The murder stunned the entire community, but more unbelievable events were yet to come. A few days after the crime, police picked up a twenty-year-old, mentally-challenged man named Johnny Lee Wilson, who had been a friend of Pauline’s. According to investigators, a witness named Gary Wall had stated that Johnny had confessed the deed to him. After interrogating Johnny for approximately four hours, officers claimed that the suspect gave in and confessed that he was guilty. A search of the home Johnny shared with his mother turned up further incriminating evidence, such as clothing and jewelry that had supposedly been stolen from Pauline’s residence, and a mostly empty can of gasoline.

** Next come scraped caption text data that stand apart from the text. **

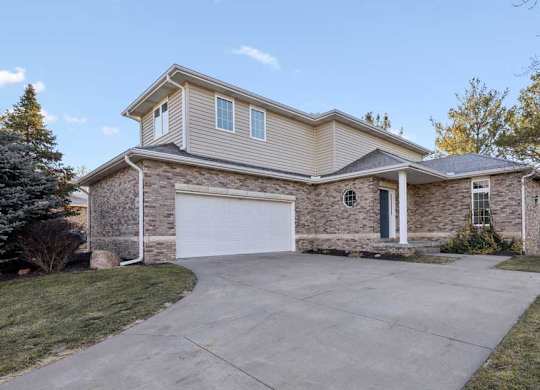 Front duplex exterior with brick facade, attached two-car garage, covered entry, and concrete driveway.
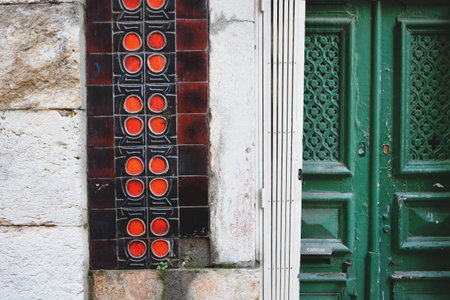 Traditional wooden door and ceramic tiles mosaic wall in Lisbon, Portugal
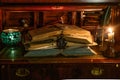 Old books stacked with a pocket watch Royalty Free Stock Photo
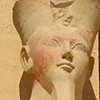 Close-up of a statue head of Queen Hatshepsut with faint color remnants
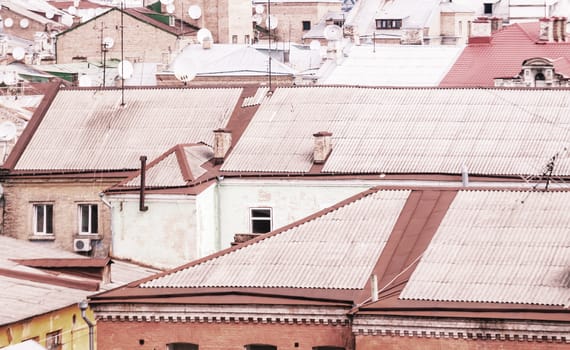 city landscape with old roofs and dish antennas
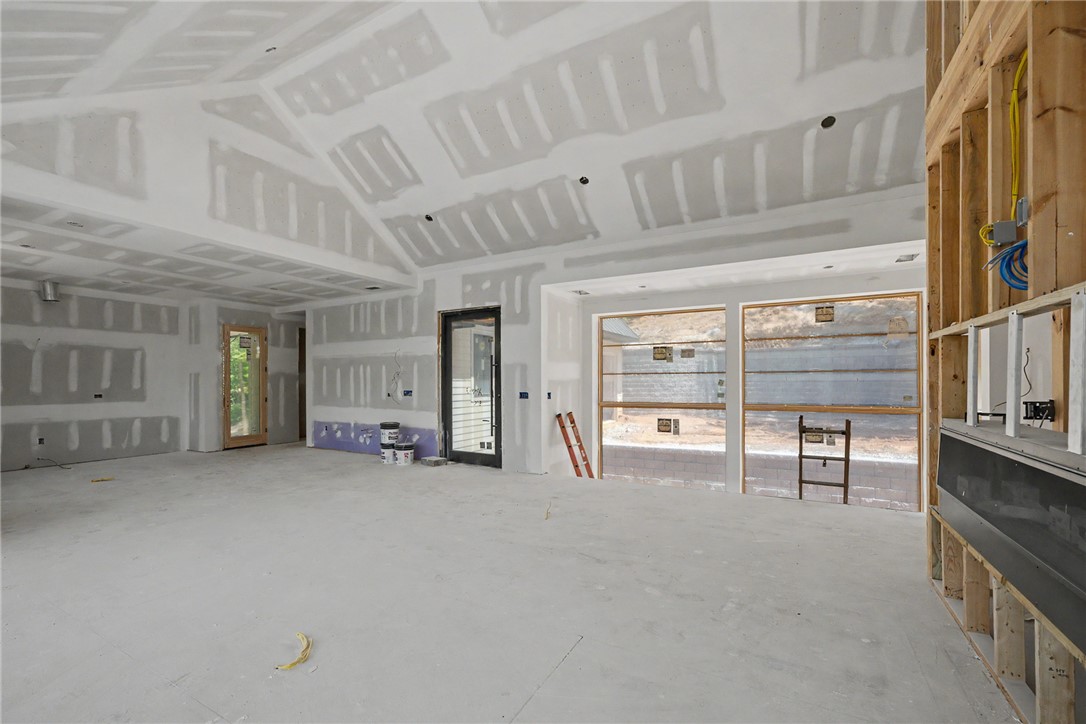 166 Ellenburg Creek Road Sunset, SC 29685 - Photo 5 of 20 Discover a spacious unfinished great room with a vaulted ceiling and ample natural light.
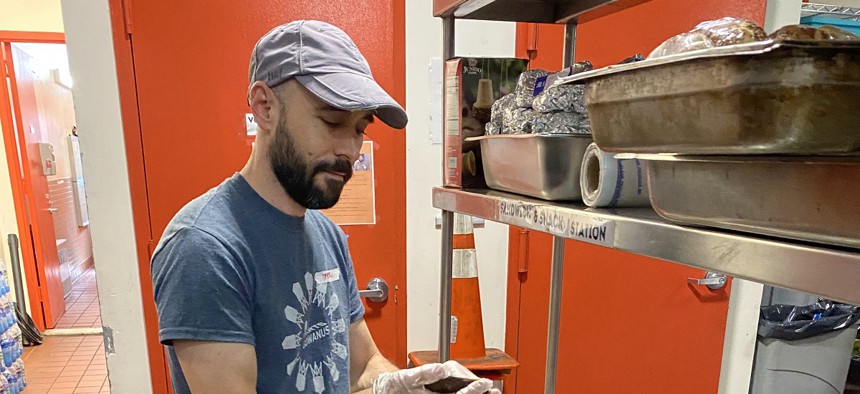 Peter Endriss, executive director of Community Help in Park Slope, also known as CHIPS, prepares sandwiches at the nonprofit 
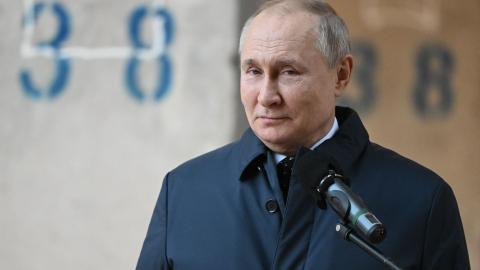 Russian President Vladimir Putin visits the National Space Centre construction site in Moscow on February 27, 2022. (Photo by Sergei Guneyev / Sputnik/ AFP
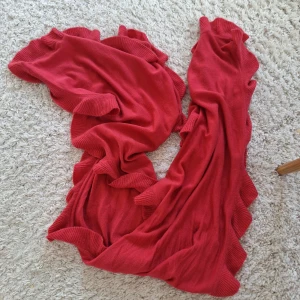 Röd stickad halsduk med volangkant - Säljer en snygg röd stickad halsduk med bred volangkant längs hela sidorna. Korallrosa. Halsduken är mjuk och har en härlig färg som verkligen poppar. Perfekt accessoar för att lyfta din outfit under kyliga dagar. 200 cm rakt över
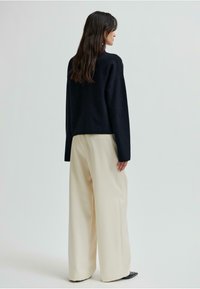 Czarny sweter z długim rękawem zestawiony z kremowymi spodniami szerokimi w nogawkach. Sweter ma luźny krój, a spodnie wykonane są z gładkiego, teksturowanego materiału.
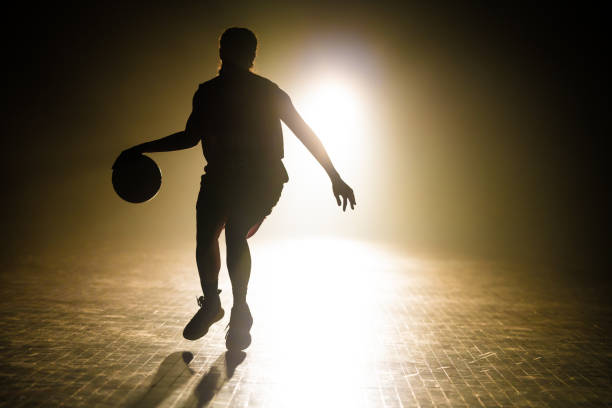 istock Basketball player dribbling ball 1498634481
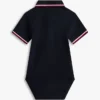 Tommy Wicking Polo-onesie voor baby’s Tommy Wicking Polo-onesie voor baby’s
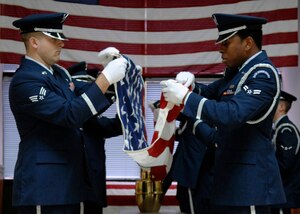 Senior Airman Nicholas Sansone and Airman 1st Class Derrick Gonzales along with other members of the honor guard fold a flag during a mock cremation ceremony after the ribbon cutting for their new training facility in Hunley Park Nov. 5. The honor guard relocated to a renovated building in Hunley Park to provide a better training environment. Airman Sansone is with the 437th Aerial Port Squadron and Airman Gonzales is with the 437th Maintenance Squadron.(U.S. Air Force photo/ Airman 1st Class Katie Gieratz)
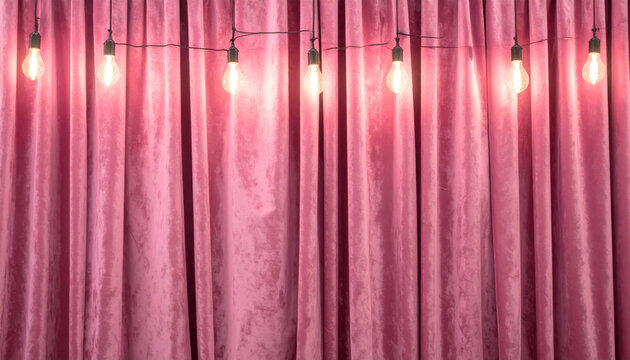 Pink velvet curtain with string lights creating warm mood and soft texture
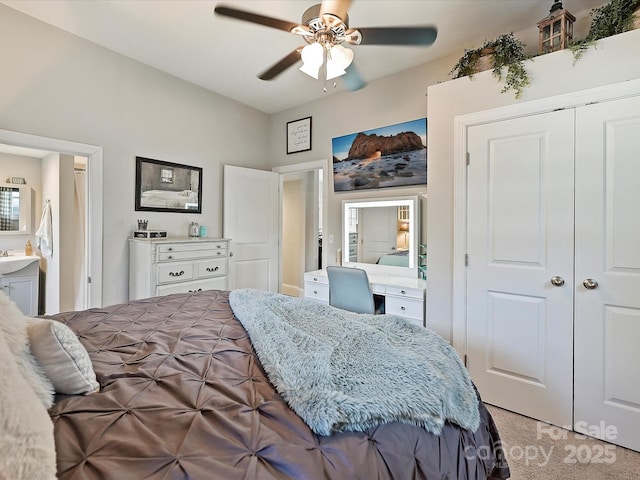 bedroom with connected bathroom, built in desk, sink, ceiling fan, and a closet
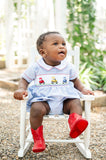 Baby boy standing in white chair wearing Smocked Tractor Bubble by Ruth and Ralph with red boots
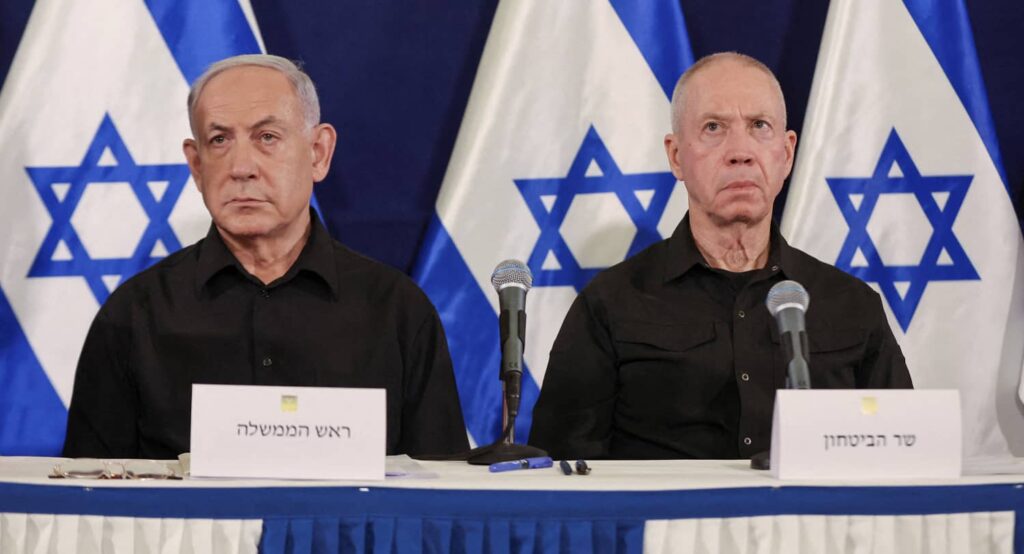 Israeli Prime Minister Benjamin Netanyahu and Defense Minister Yoav Gallant during a press conference in Tel Aviv, October 2023. Photo credit: ABIR SULTAN POOL/Pool via REUTERS.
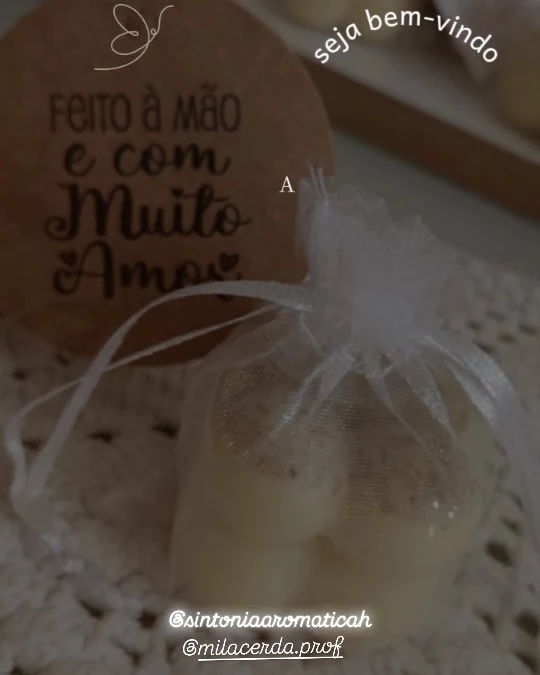 Sabonete num saquinho de organza, ao lado da etiqueta "Feito à mão e com muito amor"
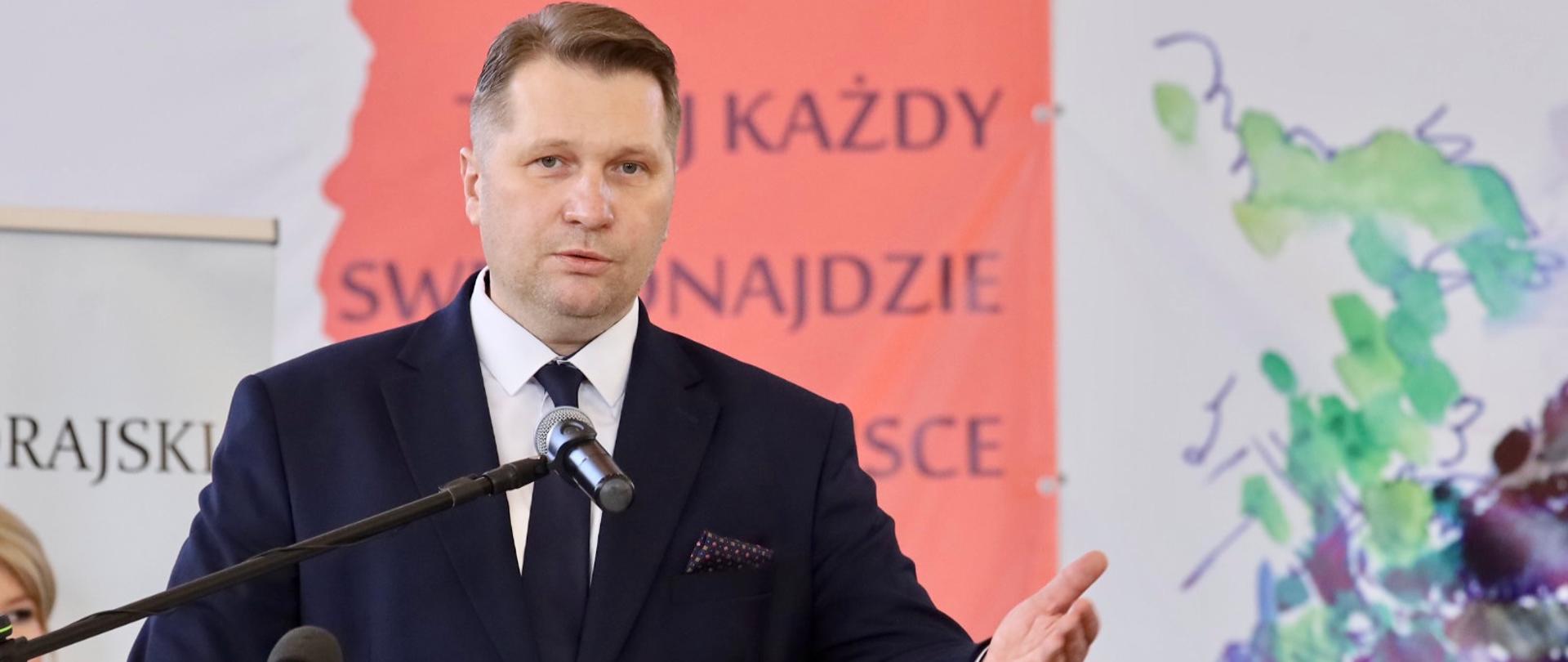 Dzień Edukacji Narodowej i otwarcie odnowionej hali sportowej przy Zespole Szkół Budowlanych i Ogólnokształcących w Biłgoraju z udziałem ministra Przemysława Czarnka, minister Przemysław Czarnek przemawia, stoi przy mównicy.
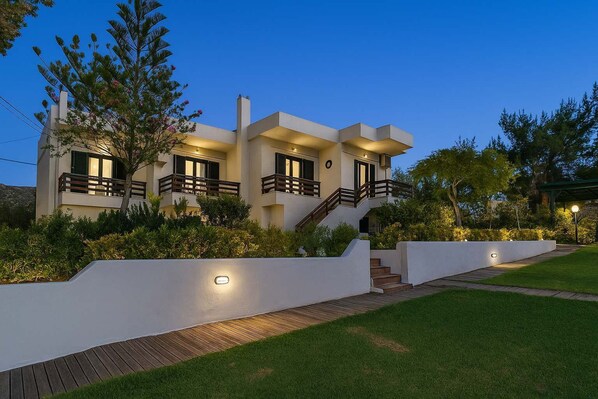 Elegant driveway entrance lit at dusk—your first glimpse of the villa’s charm

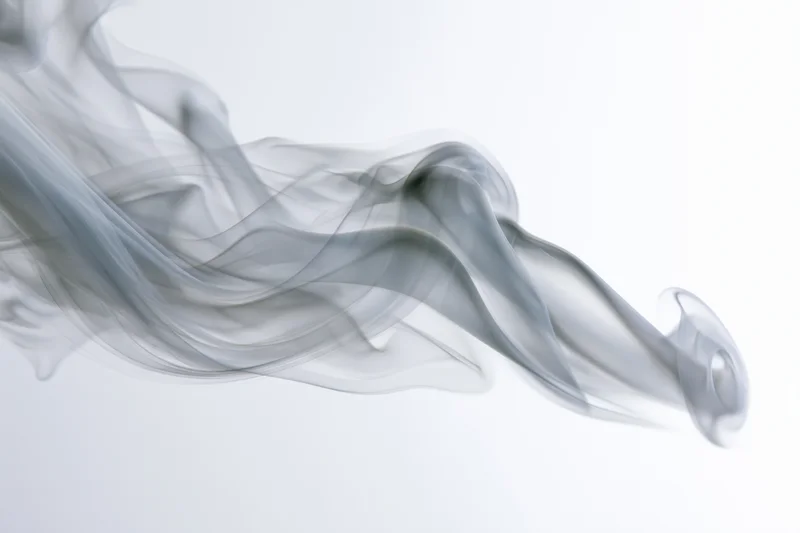Gray smoke swirling and curling against a white background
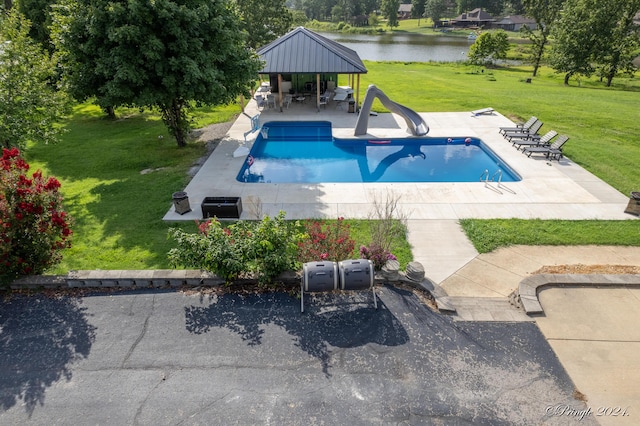 view of pool featuring a fenced in pool, a water view, a water slide, a patio area, and a lawn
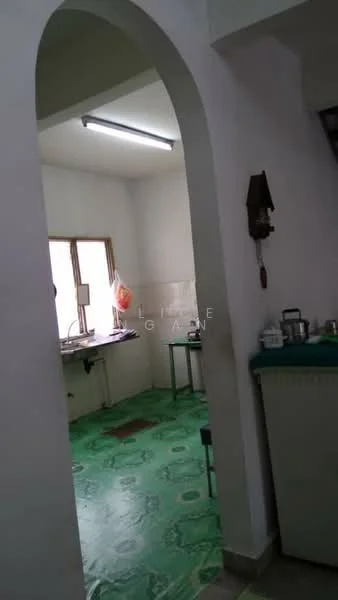 Kitchen features: green patterned vinyl flooring, white painted walls, single-bowl stainless-steel sink, window with natural light, kitchen countertop, wall-mounted light fixture, kitchen table, cabinets, appliances on countertop.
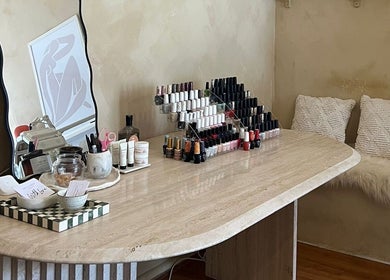 Parlour Box Bondi's chic nail station with a variety of polishes, tools, and cozy seating in New South Wales, AU.
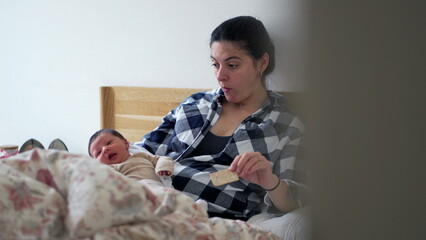 Mother with newborn baby resting on bed, looking tired and contemplative, highlighting the...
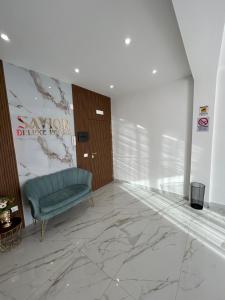 un vestíbulo con una silla azul y una puerta en Savior Deluxe Rooms, en Nápoles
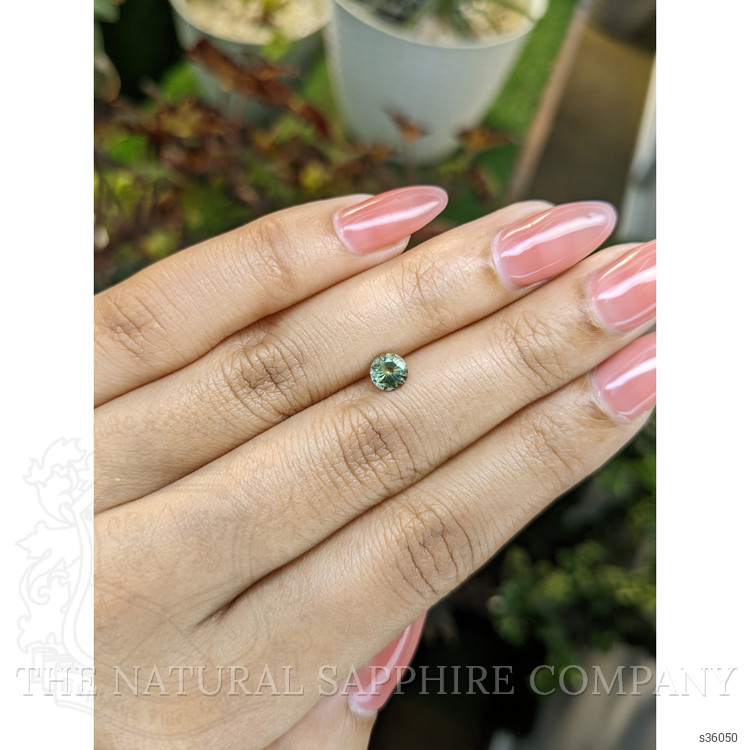 0.71 Ct. Yellowish Green Sapphire from Madagascar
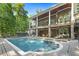 Stunning backyard featuring a pool, patio, and landscaped greenery, ideal for outdoor living and entertaining at 6452 Therfield Dr, Raleigh, NC 27614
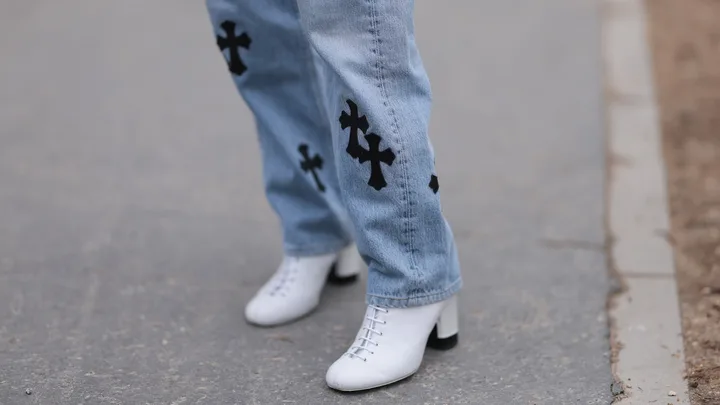 Ankle boots with jeans at Paris Fashion Week 2024.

Few people in town seemed to believe that the gentle Johnny could have possibly killed anyone, and what’s more, there were perfectly mundane explanations for the women’s clothing and jewelry found in the Wilson home, which belonged to Johnny’s mother and grandmother, respectively. Johnny’s mother even told police that Johnny had been with her at the grocery store when the fire that killed Pauline Martz was set. In addition, Gary Wall, the witness who had allegedly heard Johnny confess to the murder, walked back his statement as well, claiming that the police had forced him to say it. All evidence of the boy’s innocence, however, was ruthlessly set aside.
Johnny, who had an approximate IQ of seventy-six, was initially deemed not mentally fit to stand trial by two psychiatrists, but a third, court-appointed psychiatrist contradicted their findings, and it was his testimony that was heeded. Before the the ensuing trial, Johnny Lee Wilson recanted his confession, telling his attorneys that the police had coached him into it by threatening him and asking leading questions, and telling him that he would be allowed to go home if he just said what they wanted him to say. In spite of this, his attorneys still advised him to plead guilty, which he did, reluctantly, and clearly not really understanding the gravity of the situation. He was sentenced to life in prison.
Years later, a man named Chris Brownfield, who was serving time in a Kansas penitentiary for beating, robbing, and killing an elderly woma—a crime which occurred only an hour away from and sixteen days after the murder of Pauline Martz—confessed to police that he and an accomplice had indeed been responsible for Pauline’s death, and that Johnny Lee Wilson was completely innocent. Authorities dismissed Brownfield’s statement as not credible, however, even though he told them details about the crime—such as the fact that he had left a stun gun behind at the scene—that had not been released to the public.
Brownfield’s confession, though, spurred Johnny Wilson to file a motion for a trial by jury in 1989. This motion was denied in 1991, as the judge ruled that Johnny had understood the charges against him and had plead guilty on the basis of that understanding.
In 1995, however, after a year-long investigation headed by governor of Missouri Mel Carnahan, Johnny Lee Wilson was granted a pardon and released. Tapes of the police interrogation that surfaced later on revealed that the examining officers had indeed used intimidation and profoundly leading questions to coerce the mentally-challenged Johnny into confessing to a crime he did not commit.
Though at this stage, it seems most likely that Chris Brownfield and his unknown accomplice were guilty of the murder of Pauline Martz, neither has been charged in the homicide, and the case is officially unresolved.